Saturday 2 August from 10:30am to 11:30am
Free
If you have trekked Kokoda, then the campsite of Templeton's Crossing will be familiar. This presentation by David Howell will help you discover the story of the man behind the name.
Captain Sam Templeton of 39th Infantry Battalion was the first Australian officer to be captured by the Japanese in the 1942 Kokoda Campaign of World War II. After being interrogated by his captors he was executed on the battlefield. Prior to facing his enemy, Templeton had predicted his fate, telling one of his platoon commanders, that if ‘he went into action, he wouldn’t come back’. Having resigned himself to his destiny, Templeton misled his captors on the numerical strength of the Australian forces waiting in Kokoda and Port Moresby.
Did the misinformation given by a militia officer slow the initial push by the Yokoyama Advance Force into the Owen Stanley Range, allowing the Australian Imperial Force to join the fight earlier? Did Templeton create doubt in the mind of the commander of the South Seas Force, influencing an operational change for the attack on Port Moresby? A quiet and often aloof character originally from Belfast, Captain Sam Templeton is mentioned in just about every book written about Kokoda. Prior to fighting in New Guinea, Templeton is reputed to have helped quash the Irish rebellion, served in submarines with the Royal Navy during the First World War and to have fought with the International Brigade during the Spanish Civil War.
David Howell is a Melbourne-based writer, tour guide, historian specialising in the South West Pacific Area of Operations during the Second World War and author of the recent Kokoda Legend: Captain Sam Templeton (Big Sky Publishing, 2024). He has extensive experience as a guide at the Friends of Kokoda at the Kokoda Track Memorial Walkway in Concord and the Shrine of Remembrance in Melbourne, educating visitors about the significance of the Kokoda Campaign.
David created and was the editor of the shrine’s history magazine – Remembrance – at the Shrine of Remembrance in Melbourne, and also created and ran the Friends of the Shrine program. In 2015 he returned full-time to Kokoda Historical.
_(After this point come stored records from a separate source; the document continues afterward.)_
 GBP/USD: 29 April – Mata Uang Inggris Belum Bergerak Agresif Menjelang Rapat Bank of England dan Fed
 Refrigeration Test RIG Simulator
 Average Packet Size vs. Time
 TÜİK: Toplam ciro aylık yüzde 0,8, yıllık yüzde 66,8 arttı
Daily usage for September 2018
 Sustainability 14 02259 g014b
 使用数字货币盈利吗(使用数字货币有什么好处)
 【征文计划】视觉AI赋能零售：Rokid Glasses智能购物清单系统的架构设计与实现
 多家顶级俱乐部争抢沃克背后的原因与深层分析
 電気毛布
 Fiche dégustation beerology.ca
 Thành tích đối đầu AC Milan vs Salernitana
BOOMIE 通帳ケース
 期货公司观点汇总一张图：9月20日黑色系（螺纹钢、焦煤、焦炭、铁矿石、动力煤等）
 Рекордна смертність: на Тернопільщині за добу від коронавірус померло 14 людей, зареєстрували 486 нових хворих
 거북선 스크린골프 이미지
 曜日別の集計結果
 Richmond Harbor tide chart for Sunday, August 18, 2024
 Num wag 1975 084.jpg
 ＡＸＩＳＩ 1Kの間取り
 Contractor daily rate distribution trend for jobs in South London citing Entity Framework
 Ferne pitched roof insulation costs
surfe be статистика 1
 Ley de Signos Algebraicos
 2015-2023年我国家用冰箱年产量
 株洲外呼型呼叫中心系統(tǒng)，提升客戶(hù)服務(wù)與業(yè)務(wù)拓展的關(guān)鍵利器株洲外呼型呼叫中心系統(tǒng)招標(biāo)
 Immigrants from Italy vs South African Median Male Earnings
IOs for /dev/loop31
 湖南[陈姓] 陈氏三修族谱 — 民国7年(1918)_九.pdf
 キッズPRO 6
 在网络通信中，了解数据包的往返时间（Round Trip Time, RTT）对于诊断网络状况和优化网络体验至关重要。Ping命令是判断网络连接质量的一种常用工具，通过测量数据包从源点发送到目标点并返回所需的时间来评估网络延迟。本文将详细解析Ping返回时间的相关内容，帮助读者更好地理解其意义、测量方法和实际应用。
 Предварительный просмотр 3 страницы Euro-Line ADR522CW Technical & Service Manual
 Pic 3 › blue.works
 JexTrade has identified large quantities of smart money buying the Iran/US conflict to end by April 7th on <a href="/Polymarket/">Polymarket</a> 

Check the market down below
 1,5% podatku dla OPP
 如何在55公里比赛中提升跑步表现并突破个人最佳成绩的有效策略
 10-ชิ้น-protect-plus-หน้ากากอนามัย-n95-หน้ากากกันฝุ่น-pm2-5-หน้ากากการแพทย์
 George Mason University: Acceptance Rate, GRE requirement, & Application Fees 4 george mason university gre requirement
David also served for fifteen years as an infantry soldier in the Australian Army Reserve. In 2008 he deployed on peacekeeping operations in the Solomon Islands. David is well published on Australian military history and a regular guest on many radio and television history programs including the award winning SBS series Who Do You Think You Are. David is a life member of the 39th Battalion Association and is married with two children and resides on the Mornington Peninsula, Victoria.